Extracted records:
# # # # # # #

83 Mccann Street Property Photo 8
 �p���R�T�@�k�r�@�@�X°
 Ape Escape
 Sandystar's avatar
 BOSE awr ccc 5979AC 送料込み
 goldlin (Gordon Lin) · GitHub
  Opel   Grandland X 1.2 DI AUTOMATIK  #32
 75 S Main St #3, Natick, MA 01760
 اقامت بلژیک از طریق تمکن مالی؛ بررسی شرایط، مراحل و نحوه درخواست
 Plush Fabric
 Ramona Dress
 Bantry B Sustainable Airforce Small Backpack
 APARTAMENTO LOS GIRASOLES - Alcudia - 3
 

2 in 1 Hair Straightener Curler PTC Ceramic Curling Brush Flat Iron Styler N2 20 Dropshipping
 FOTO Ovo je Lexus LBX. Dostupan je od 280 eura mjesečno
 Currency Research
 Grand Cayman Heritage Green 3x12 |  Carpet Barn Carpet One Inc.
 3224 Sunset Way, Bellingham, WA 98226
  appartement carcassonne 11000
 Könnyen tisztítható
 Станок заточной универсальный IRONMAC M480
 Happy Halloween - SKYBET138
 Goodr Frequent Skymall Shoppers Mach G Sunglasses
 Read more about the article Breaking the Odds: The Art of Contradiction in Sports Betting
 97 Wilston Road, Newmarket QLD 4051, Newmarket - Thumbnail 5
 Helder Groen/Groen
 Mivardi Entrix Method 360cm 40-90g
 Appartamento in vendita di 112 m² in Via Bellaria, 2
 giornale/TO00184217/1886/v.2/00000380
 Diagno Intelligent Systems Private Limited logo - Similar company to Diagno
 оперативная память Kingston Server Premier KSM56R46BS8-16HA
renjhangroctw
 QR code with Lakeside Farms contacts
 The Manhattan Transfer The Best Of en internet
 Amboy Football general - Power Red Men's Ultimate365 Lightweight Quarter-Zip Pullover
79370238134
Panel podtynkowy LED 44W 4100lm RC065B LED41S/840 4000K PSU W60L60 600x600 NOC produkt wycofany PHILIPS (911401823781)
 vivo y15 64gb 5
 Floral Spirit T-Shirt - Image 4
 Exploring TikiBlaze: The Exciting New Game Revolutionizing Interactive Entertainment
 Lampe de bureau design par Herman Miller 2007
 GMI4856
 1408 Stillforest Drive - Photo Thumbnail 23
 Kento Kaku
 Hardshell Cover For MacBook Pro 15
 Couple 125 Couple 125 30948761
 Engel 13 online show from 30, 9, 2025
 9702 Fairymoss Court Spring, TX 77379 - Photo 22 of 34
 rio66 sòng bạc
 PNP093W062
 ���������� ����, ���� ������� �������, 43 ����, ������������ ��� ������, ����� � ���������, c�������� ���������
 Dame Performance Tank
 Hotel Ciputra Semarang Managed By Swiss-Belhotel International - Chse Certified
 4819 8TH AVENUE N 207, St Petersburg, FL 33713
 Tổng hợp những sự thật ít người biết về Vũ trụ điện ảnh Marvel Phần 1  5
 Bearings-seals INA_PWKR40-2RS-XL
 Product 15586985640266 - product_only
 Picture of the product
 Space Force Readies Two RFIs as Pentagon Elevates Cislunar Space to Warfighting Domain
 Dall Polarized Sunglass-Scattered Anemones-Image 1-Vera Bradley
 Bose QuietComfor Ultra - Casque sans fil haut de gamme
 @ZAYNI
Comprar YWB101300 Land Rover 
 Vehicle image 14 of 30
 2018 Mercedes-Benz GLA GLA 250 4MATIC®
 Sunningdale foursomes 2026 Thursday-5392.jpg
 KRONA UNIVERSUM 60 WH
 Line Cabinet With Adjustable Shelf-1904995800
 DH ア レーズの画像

# # # # # # #

> _WHAT THE TASK ASKS_: Taking the entries above, restate exactly those lines that fall between the line with "оперативная память Kingston" and the line with "Dall Polarized Sunglass-Scattered", keeping both of those lines too.

> _WRITTEN SOLUTION_:
 оперативная память Kingston Server Premier KSM56R46BS8-16HA
renjhangroctw
 QR code with Lakeside Farms contacts
 The Manhattan Transfer The Best Of en internet
 Amboy Football general - Power Red Men's Ultimate365 Lightweight Quarter-Zip Pullover
79370238134
Panel podtynkowy LED 44W 4100lm RC065B LED41S/840 4000K PSU W60L60 600x600 NOC produkt wycofany PHILIPS (911401823781)
 vivo y15 64gb 5
 Floral Spirit T-Shirt - Image 4
 Exploring TikiBlaze: The Exciting New Game Revolutionizing Interactive Entertainment
 Lampe de bureau design par Herman Miller 2007
 GMI4856
 1408 Stillforest Drive - Photo Thumbnail 23
 Kento Kaku
 Hardshell Cover For MacBook Pro 15
 Couple 125 Couple 125 30948761
 Engel 13 online show from 30, 9, 2025
 9702 Fairymoss Court Spring, TX 77379 - Photo 22 of 34
 rio66 sòng bạc
 PNP093W062
 ���������� ����, ���� ������� �������, 43 ����, ������������ ��� ������, ����� � ���������, c�������� ���������
 Dame Performance Tank
 Hotel Ciputra Semarang Managed By Swiss-Belhotel International - Chse Certified
 4819 8TH AVENUE N 207, St Petersburg, FL 33713
 Tổng hợp những sự thật ít người biết về Vũ trụ điện ảnh Marvel Phần 1  5
 Bearings-seals INA_PWKR40-2RS-XL
 Product 15586985640266 - product_only
 Picture of the product
 Space Force Readies Two RFIs as Pentagon Elevates Cislunar Space to Warfighting Domain
 Dall Polarized Sunglass-Scattered Anemones-Image 1-Vera Bradley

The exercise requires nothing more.